How big is it?
What is he thinking?
Where is she going?
What has the dog got?
Ambiguity is an important element of "street", it's pretty much all there is in "abstract", and it appears here and there in all the arts. Used with care, it is a potent tool.
Viewers, to varying degrees, enjoy a puzzle, a mystery. We enjoy being allowed to fill in pieces of an image from our own experience and imagination. Given something unknown, we write our own narratives and develop our own ideas about an image. To a degree, we enjoy things simply left unknown and unknowable, but hinted at. We may not be able always to hang a story on those elements, but we like them.
The risk the artist runs in using ambiguity is in losing the viewer with an excess of mystery. A viewer might understandably resent being required to work too hard to make sense of an image, and thus move on too quickly. A viewer might stick with an image, but simply find it baffling. While bafflement is certainly a reaction to an image, it is rarely what the artist had in mind. While every viewer will have a different threshold of "too much" mystery, surely the artist wants to calibrate the mystery to a good level for a lot of viewers.

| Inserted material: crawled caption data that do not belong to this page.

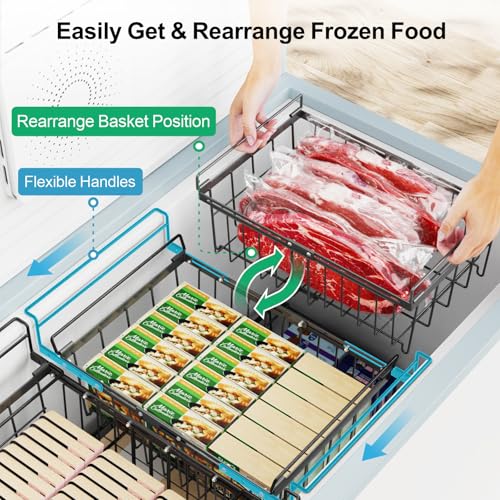 iSPECLE Freezer Organizer Bins 2 Pack, Expandable Stackable for Chest Freezer, Black R10570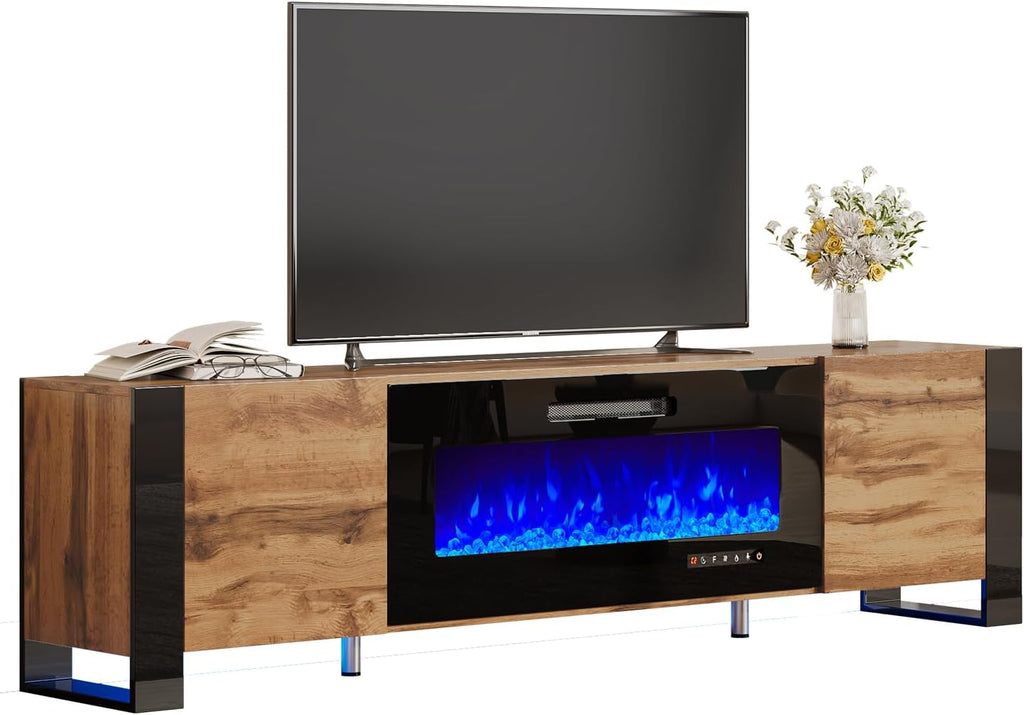 AMERLIFE Fireplace TV Stand with 36" Fireplace, 70" Modern Entertainment Center with High Gloss Doors & LED Lights, U-Shaped Legs TV Console Cabinet for TVs Up to 80", Rustic Oak
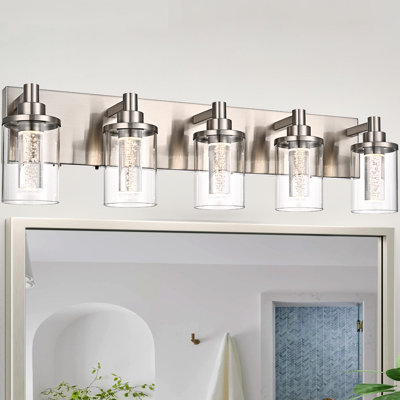 5-Light Vanity Lights, Bathroom Light Fixture, LED Dimmable Modern Wall Lighting Over Mirror With Bubble And Clear Glass Shade For Hallway, Bedroom. (Integrated LED Bulbs Included)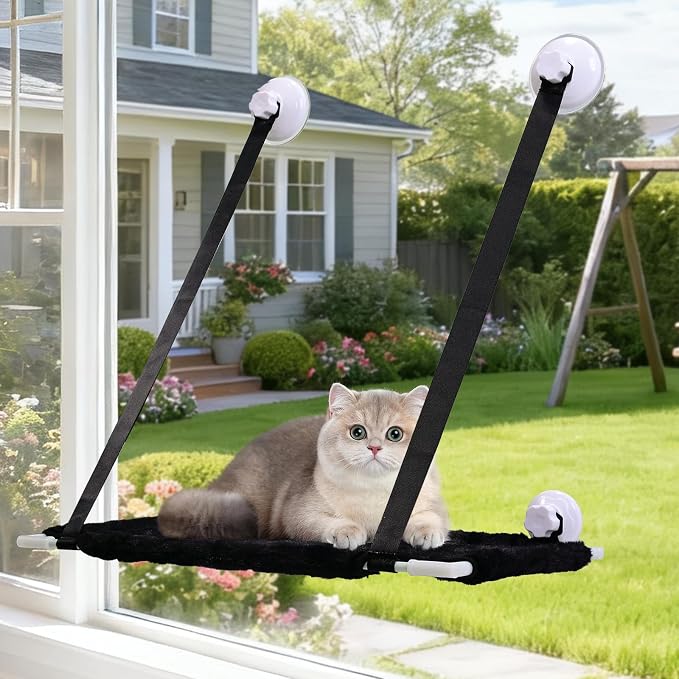 Cat Window Perch Indoor Easy to Assemble Hammock Bed Two Replaceable Cat Pads by Unknown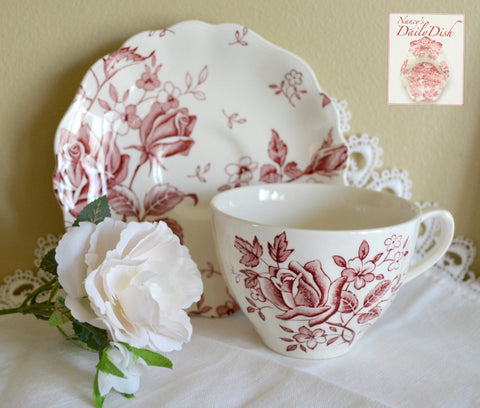 Romantic Vintage Red Tudor Roses English Transferware Tea Cup & Saucer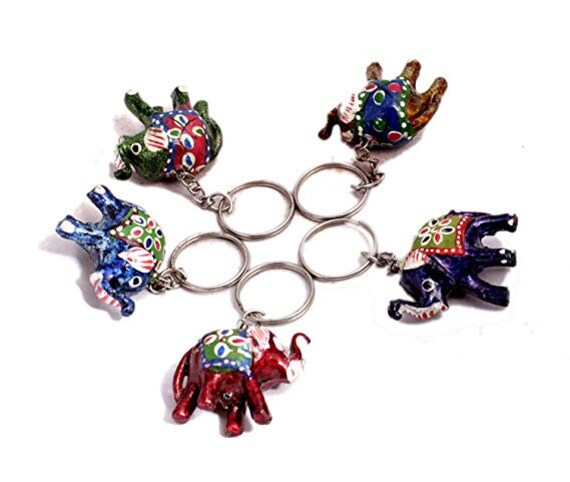 Handmade Microfiber Hand- painted Elephant Multi Colour Key Ring- Set Of 12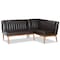 Baxton Studio Daymond Mid-Century Dark Brown Faux Leather and Walnut Brown Wood 2-PC Dining Nook Banquette Set 186-11349-Zoro - alternate 1
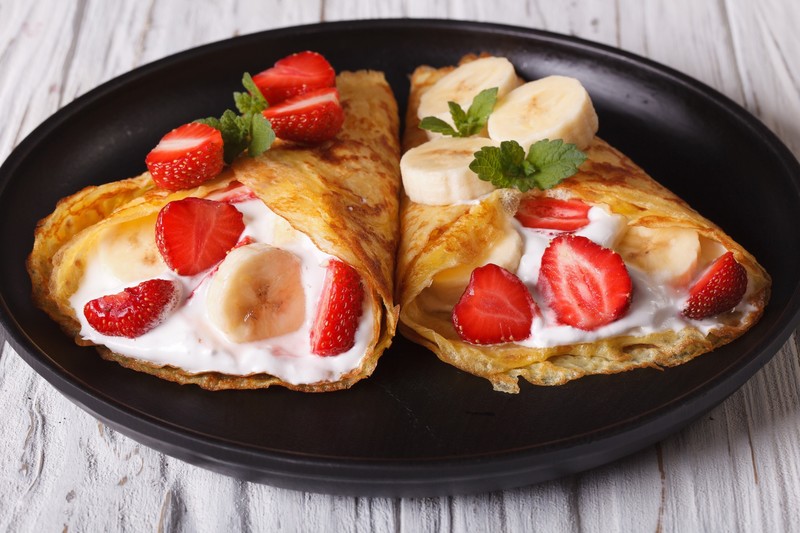 food, sweets, bananas, strawberries, fruit, crepes, mint leaves, dessert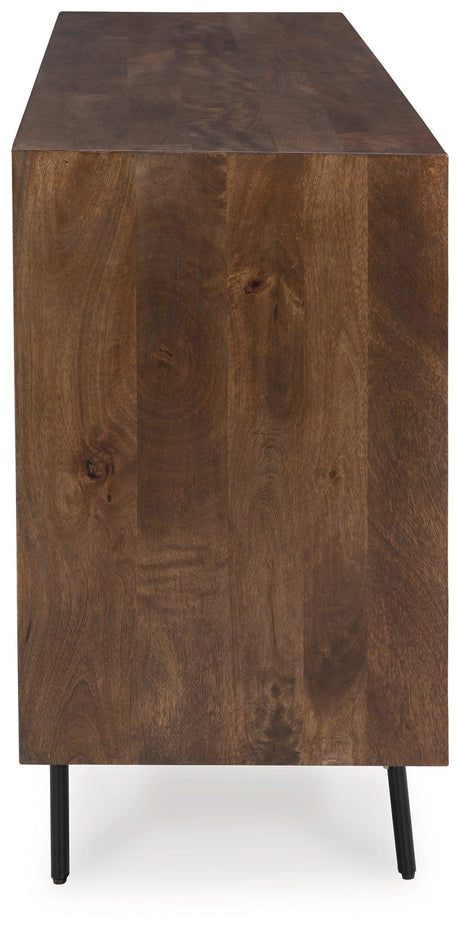 Dreggan Brown/Gold Finish Accent Cabinet by Ashley at Eve Furniture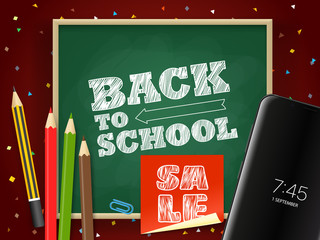 Aufkleber - Back to school vector illustration. Season sale concept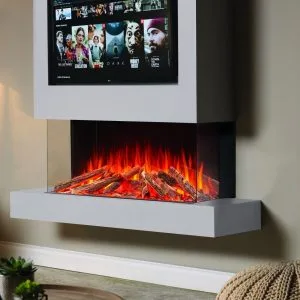 Brandon Lux Electric Fire Suite With Chimney Breast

One approach to managing the degree of mystery successfully is to wrap the ambiguous up in a generous serving of the familiar, the easily grasped. It is this, I think, which makes a particularly successful "street" photograph. We understand much of the scene, we recognize buildings, people, the dog on the leash. It is only a small subset of the image that is ambiguous, ".. but what is SHE doing?" A mystery or an incomplete story given to us as a reward for looking a little deeper. It is this wrapping of the mystery in the known that makes a great portrait, as well. We recognize that the image is a portrait, we recognize many of the elements. Somewhere in there, often in the subject's expression or body language, we see elements that are unclear, ambiguous. On this ambiguity, we write our own interpretation.
See also: the Mona Lisa.
Poorly balancing the mysterious with the familiar can lead to images which are either banal, or too difficult to understand. The viewer moves on, the message is lost.
When we abandon the familiar, we enter the realm of the purely abstract, for all practical purposes. This is a tough world in which to create an effective image.